— YOUR OBJECTIVE —
Your reply should be the entries, output word for word, with each picture omitted.

Captioned web image data
_ _ _ _ _ _ _
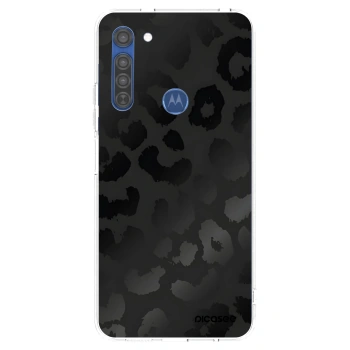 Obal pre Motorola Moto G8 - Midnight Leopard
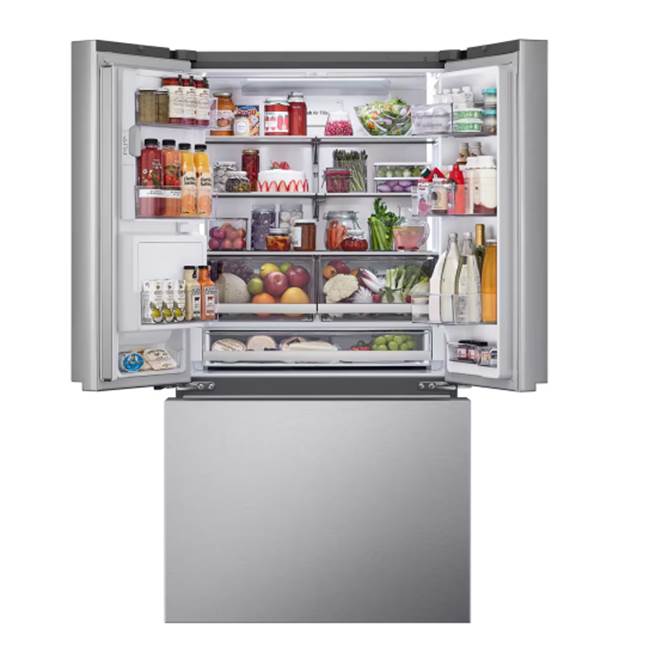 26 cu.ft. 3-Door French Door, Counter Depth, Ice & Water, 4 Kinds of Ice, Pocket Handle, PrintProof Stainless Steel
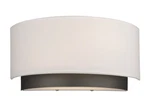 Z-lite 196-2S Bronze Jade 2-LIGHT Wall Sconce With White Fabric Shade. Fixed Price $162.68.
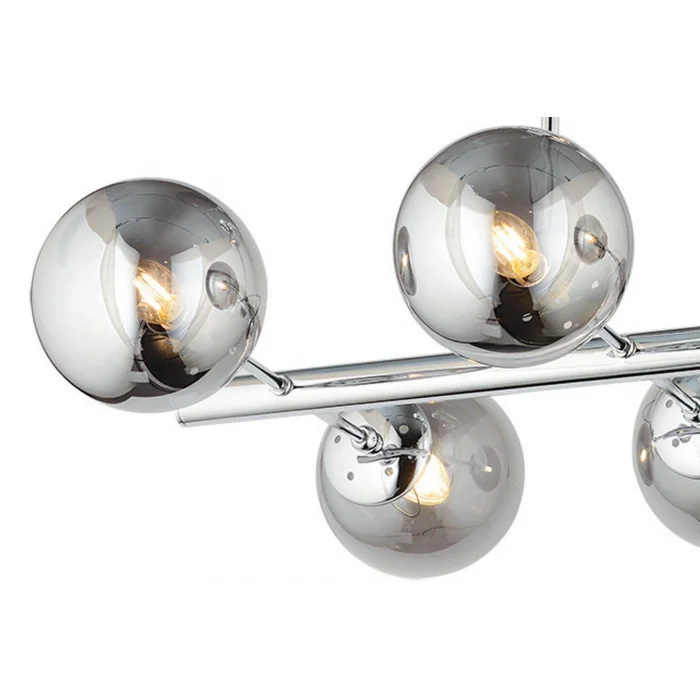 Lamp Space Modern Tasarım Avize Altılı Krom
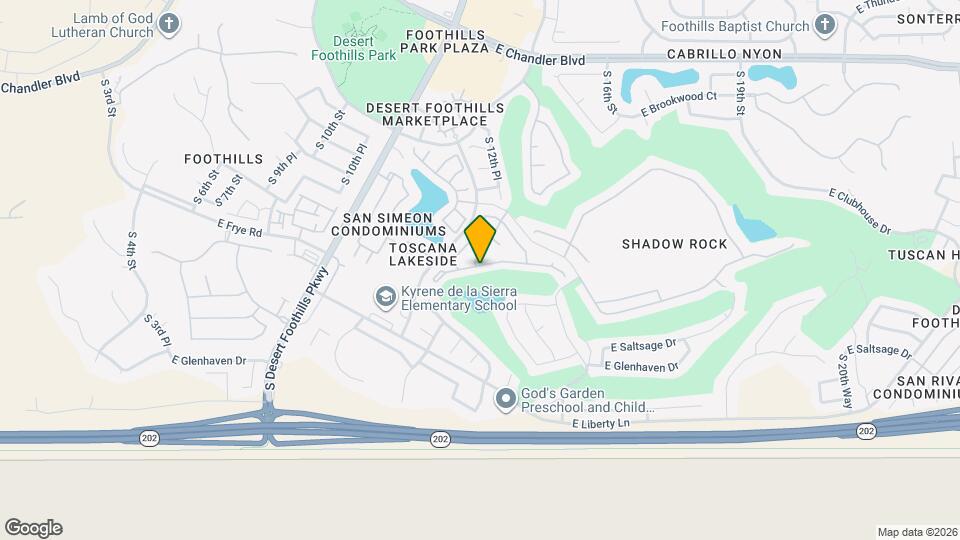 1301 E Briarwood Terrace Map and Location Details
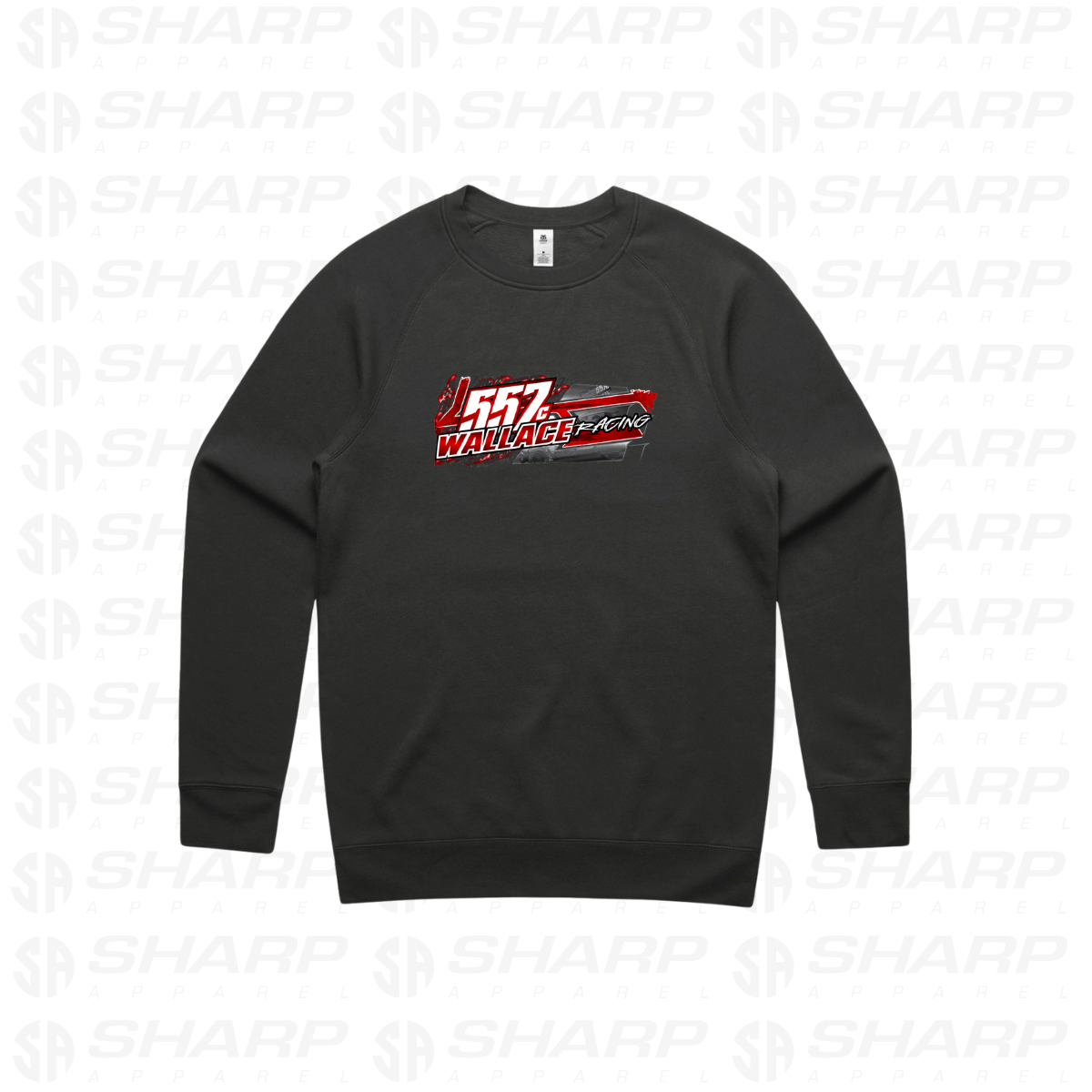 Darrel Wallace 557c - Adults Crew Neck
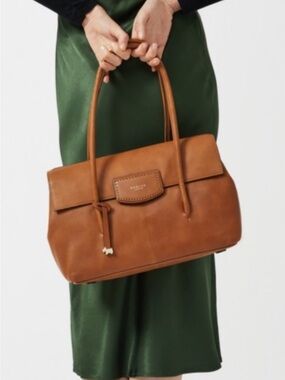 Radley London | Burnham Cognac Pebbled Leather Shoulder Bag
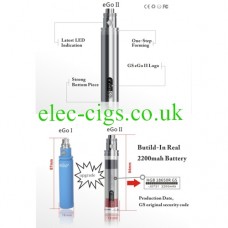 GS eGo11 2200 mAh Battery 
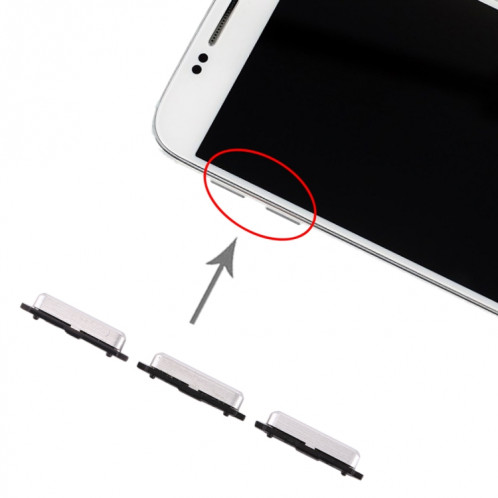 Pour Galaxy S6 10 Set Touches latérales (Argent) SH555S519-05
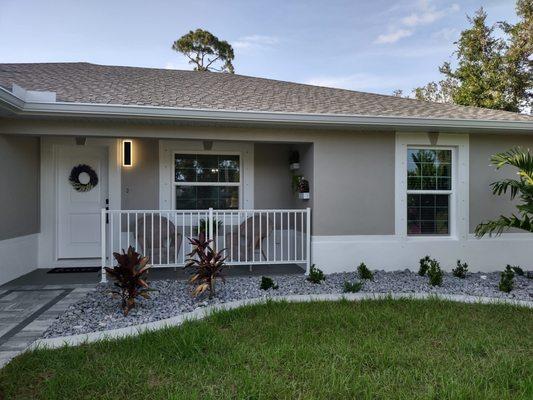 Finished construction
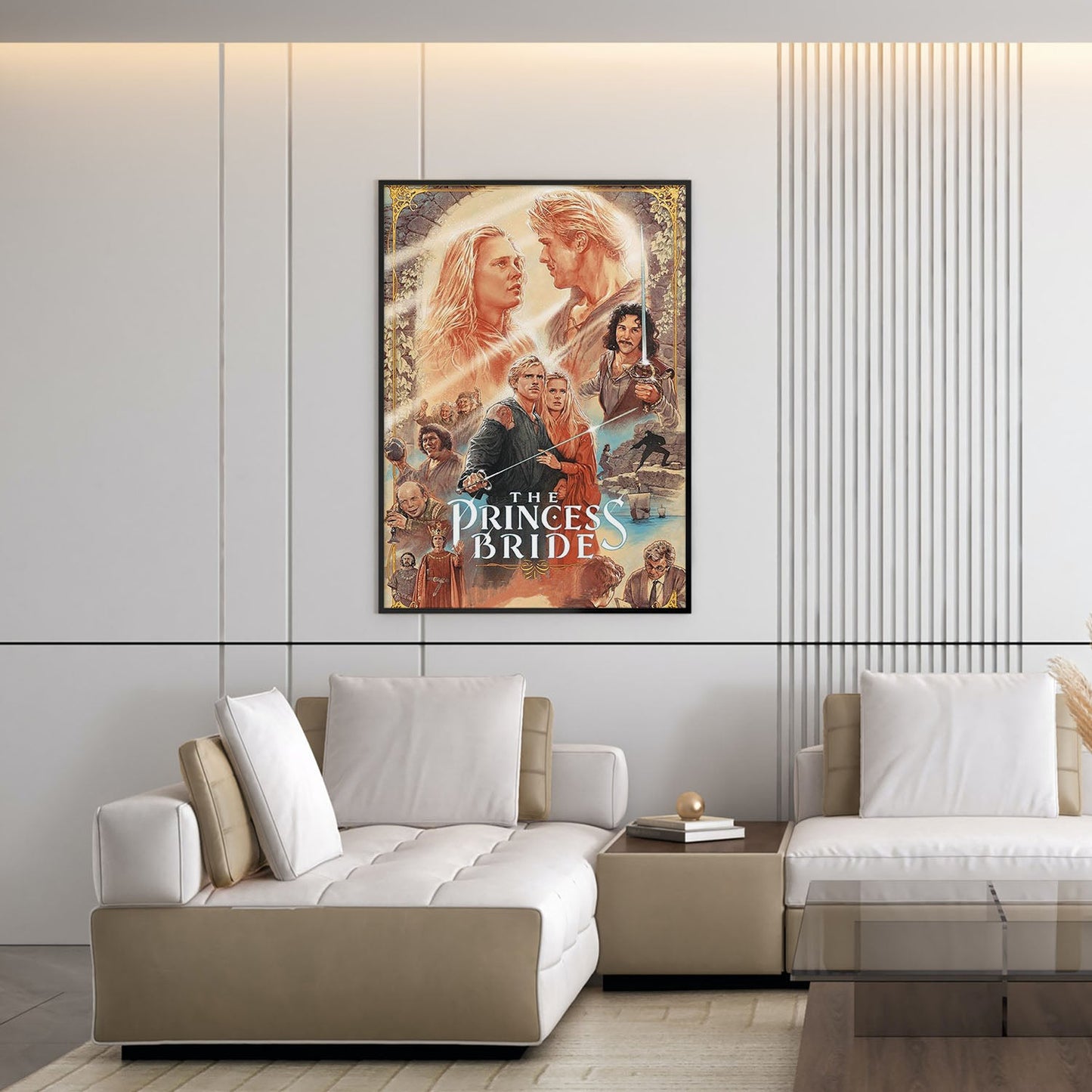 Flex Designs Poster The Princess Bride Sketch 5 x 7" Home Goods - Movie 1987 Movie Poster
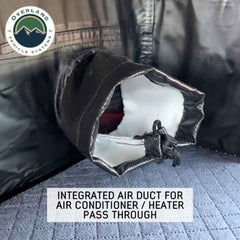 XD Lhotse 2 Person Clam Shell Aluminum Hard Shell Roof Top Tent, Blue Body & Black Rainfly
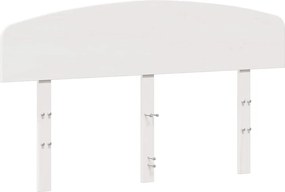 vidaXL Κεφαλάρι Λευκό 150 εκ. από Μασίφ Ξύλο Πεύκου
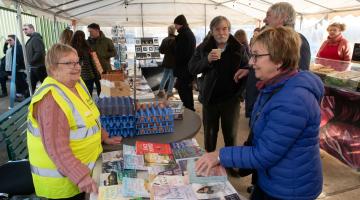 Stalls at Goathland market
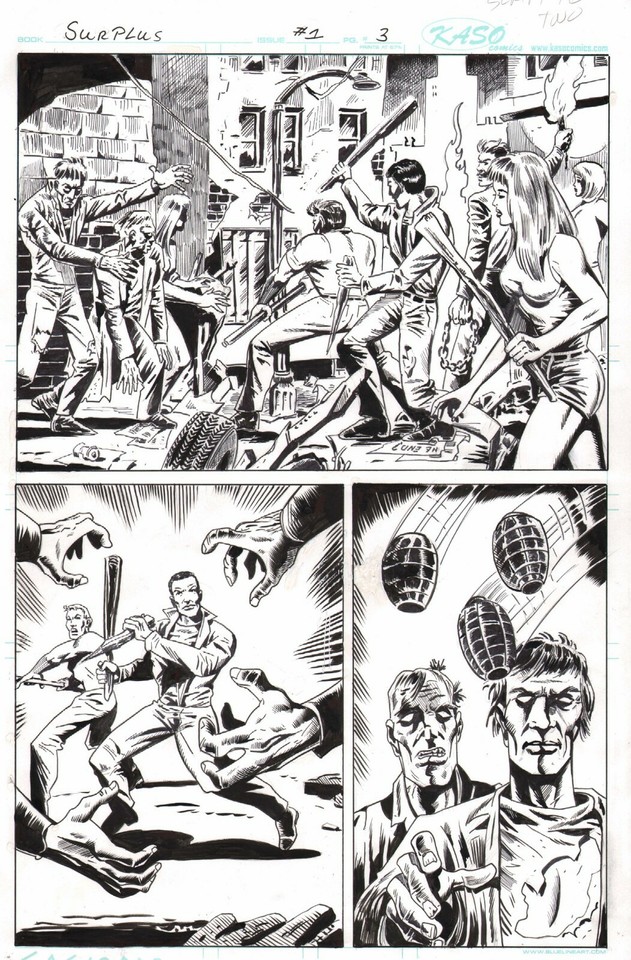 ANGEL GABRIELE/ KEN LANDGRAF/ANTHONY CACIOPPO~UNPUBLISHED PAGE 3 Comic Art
_ _ _ _ _ _ _
— RESPONSE AREA —
 Obal pre Motorola Moto G8 - Midnight Leopard
 26 cu.ft. 3-Door French Door, Counter Depth, Ice & Water, 4 Kinds of Ice, Pocket Handle, PrintProof Stainless Steel
 Z-lite 196-2S Bronze Jade 2-LIGHT Wall Sconce With White Fabric Shade. Fixed Price $162.68.
 Lamp Space Modern Tasarım Avize Altılı Krom
 1301 E Briarwood Terrace Map and Location Details
 Darrel Wallace 557c - Adults Crew Neck
 Radley London | Burnham Cognac Pebbled Leather Shoulder Bag
 GS eGo11 2200 mAh Battery 
 Pour Galaxy S6 10 Set Touches latérales (Argent) SH555S519-05
 Finished construction
 Flex Designs Poster The Princess Bride Sketch 5 x 7" Home Goods - Movie 1987 Movie Poster
 XD Lhotse 2 Person Clam Shell Aluminum Hard Shell Roof Top Tent, Blue Body & Black Rainfly
 vidaXL Κεφαλάρι Λευκό 150 εκ. από Μασίφ Ξύλο Πεύκου
 Stalls at Goathland market
 ANGEL GABRIELE/ KEN LANDGRAF/ANTHONY CACIOPPO~UNPUBLISHED PAGE 3 Comic Art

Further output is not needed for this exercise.